A Twitter comment from Tesla founder Elon Musk indicates the new metal casting technology will involve the “biggest casting machine ever made” that “will make [a] rear body in a single piece, including crash rails.”

A Reuters article following up on the Tweet says the new casting process is being used on Tesla Model Y production in Germany. It is unclear whether recycled-content aluminum is playing a role in the new process, or if it could in the future.

A shift from internal combustion engine (ICE) vehicles to EVs threatens the market for many recycled-content die-cast aluminum components, in a potential trend commented upon by London-based CRU in 2018.

The role of aluminum scrap in the wider EV body panel market remains uncertain, as does any impact from Tesla’s experimental technology.

The new casting process still involves large metal presses, known as Gigapress machines, according to a Tesla blog Reuters quotes. Those sizable presses are made by the Travagliato, Italy-based IDRA Group. That machinery maker, on its website, says as part of its sustainability commitment it will “sponsor R&D activities in the use of secondary alloys and actively reduce [the] use of primary aluminum.”

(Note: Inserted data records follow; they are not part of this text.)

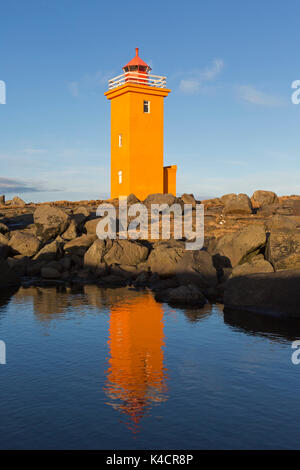 Orange Stafnes Stafnesviti Leuchtturm auf der Halbinsel Reykjanes, Island Stockfoto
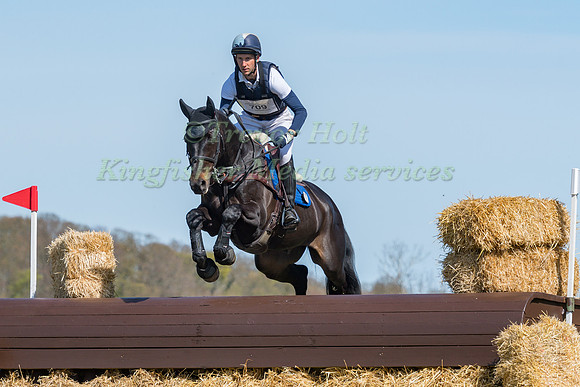 ARTHUR DUFFORT RIDING ARKOS LAD
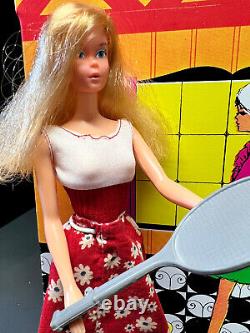 Vintage 1974 Mattel Free Moving Barbie Blonde Model #7270 Original Clothes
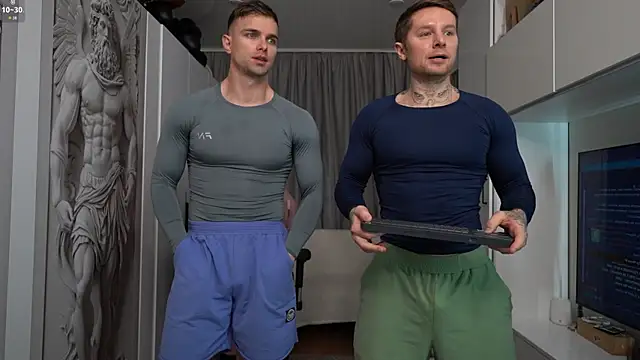 Snapshot of Nik_Sharp chatting on April 15, 2026, 8:53 am Nik Sharp online show from April 15, 2026, 8:53 am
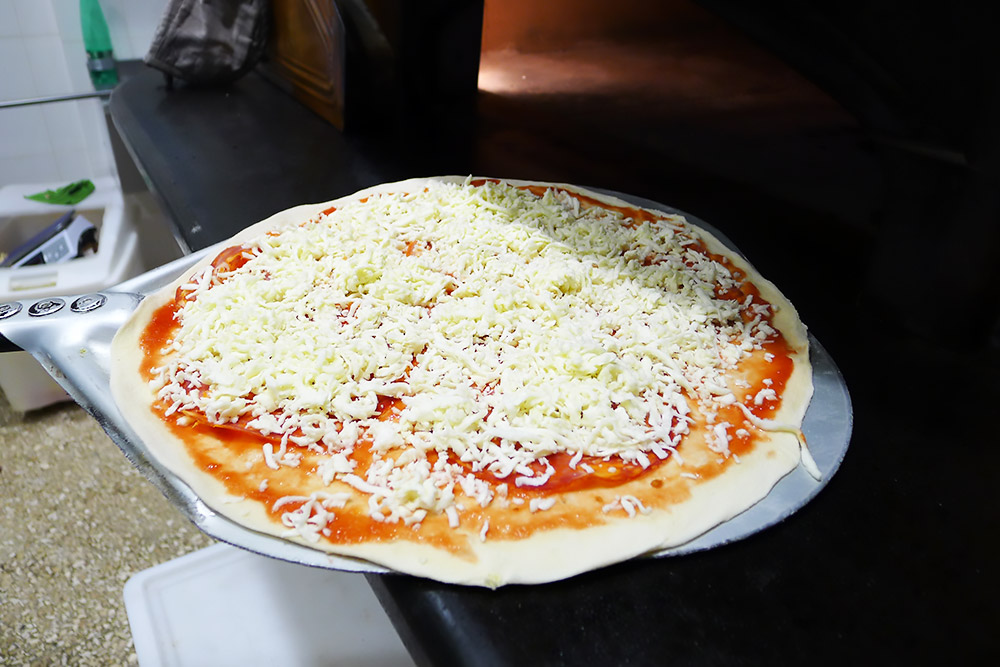 Pizzeria la Lievita pizza a domicilio e da asporto diavola pronta da cuocere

Manufacturers and the metals industry, including the aluminum sector, have been paying greater attention to the role of recycling in reducing carbon emissions, possibly by placing a higher value on recycled-content metal.

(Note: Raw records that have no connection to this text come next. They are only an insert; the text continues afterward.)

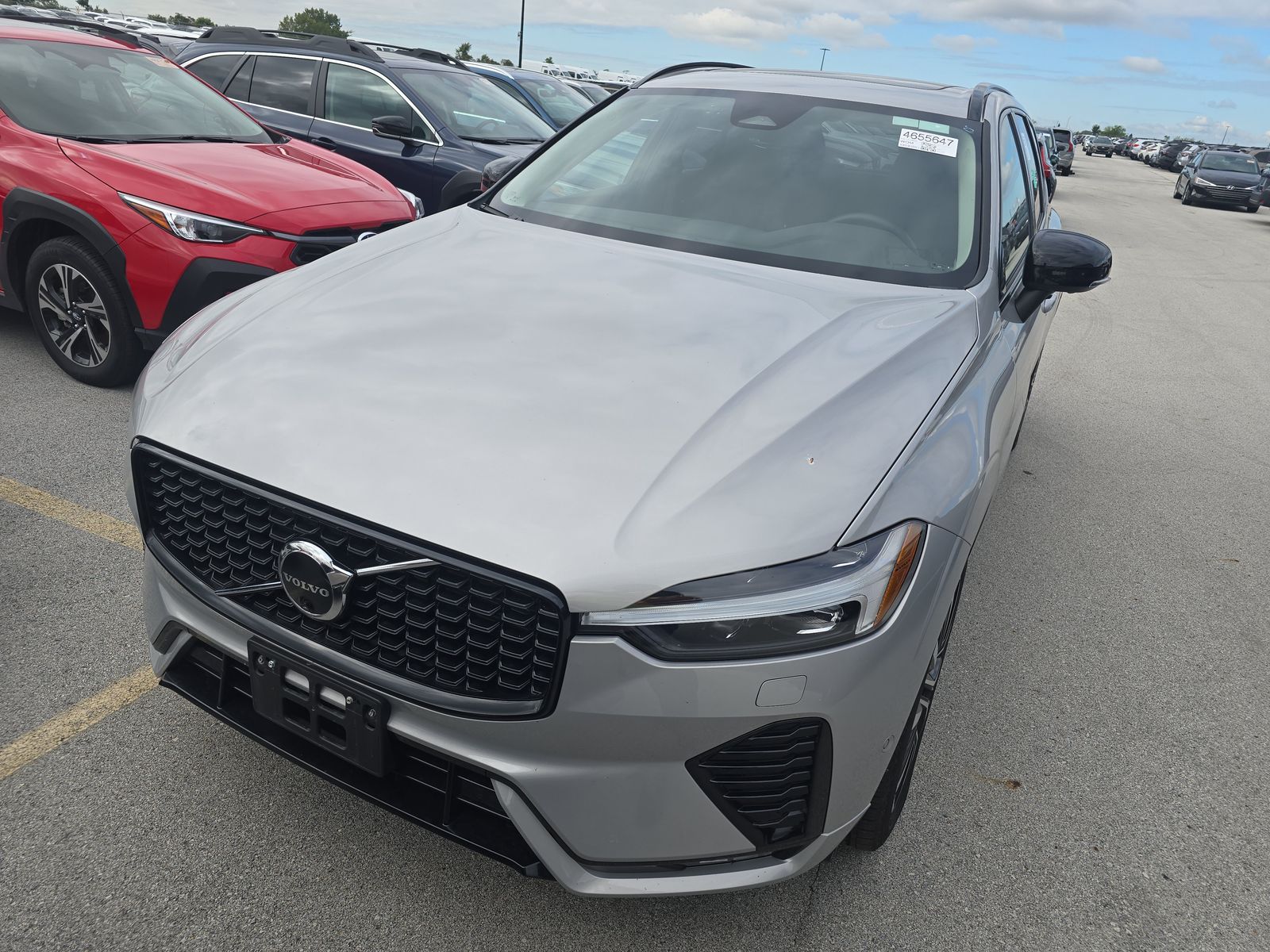 2025 Volvo XC60 B5 Plus AWD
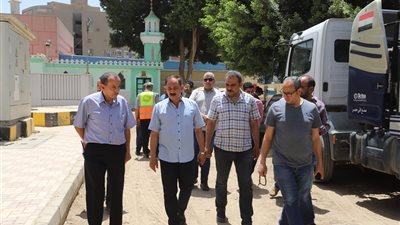 رئيس مياه أسيوط يتفقد محطة رفع صرف صحي البركة 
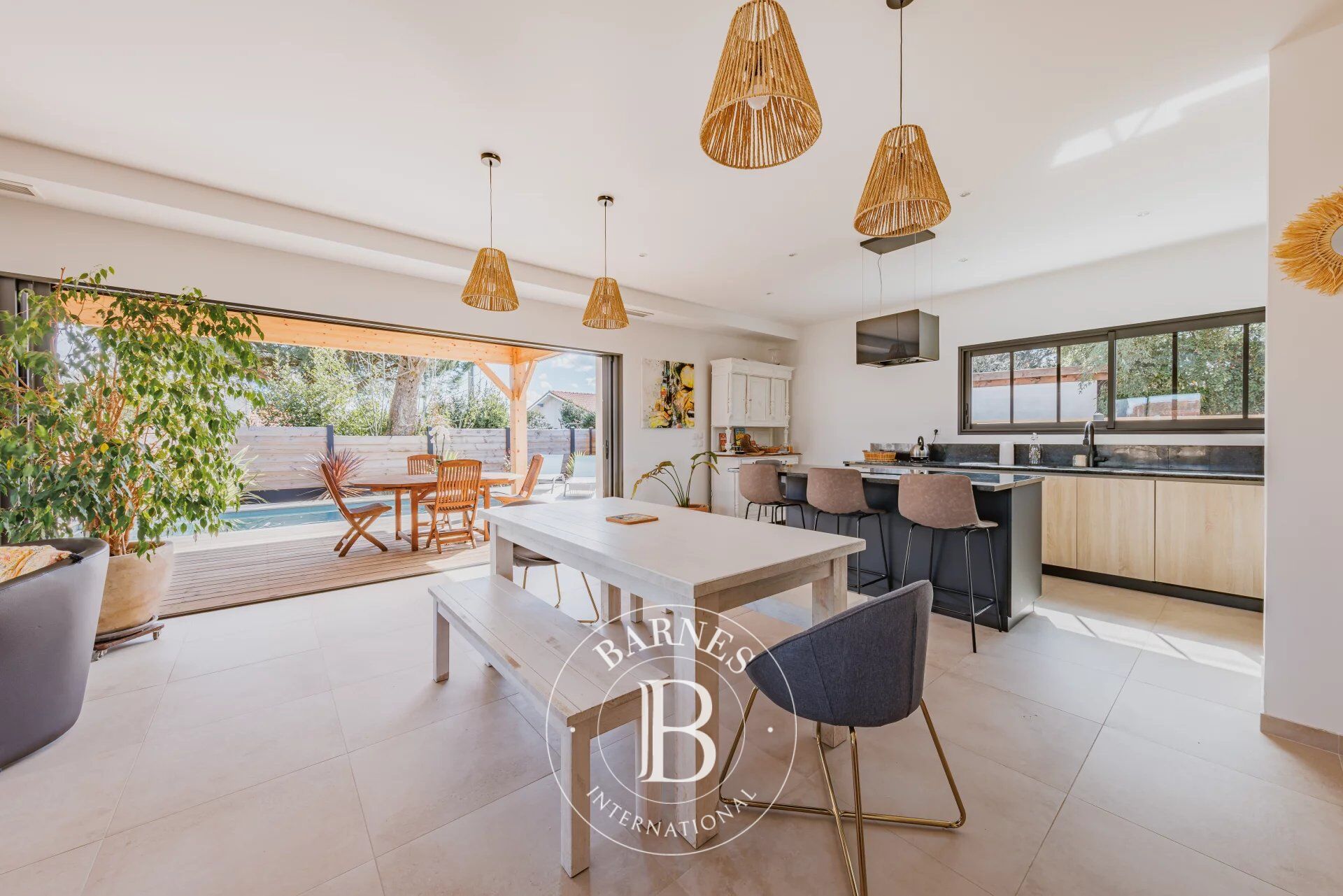 SUPERBE VILLA CONTEMPORAINE AVEC PISCINE, 4 CHAMBRES ET UN GARAGE, À GUJAN-MESTRAS - picture 2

In the automotive assembly sector, Reuters says aluminum “has proven cumbersome to use in large components because it is difficult to stamp into complex shapes. To get intricate ridges and other shapes, aluminum pieces have needed to be glued or riveted, since welding deforms the metal.”

Tesla and IDRA’s technology has been designed to inject molten aluminum into a casting mold to avoid the use of fasteners or welds. Robots have been designed to extract the still hot cast and molded aluminum part quickly and efficiently.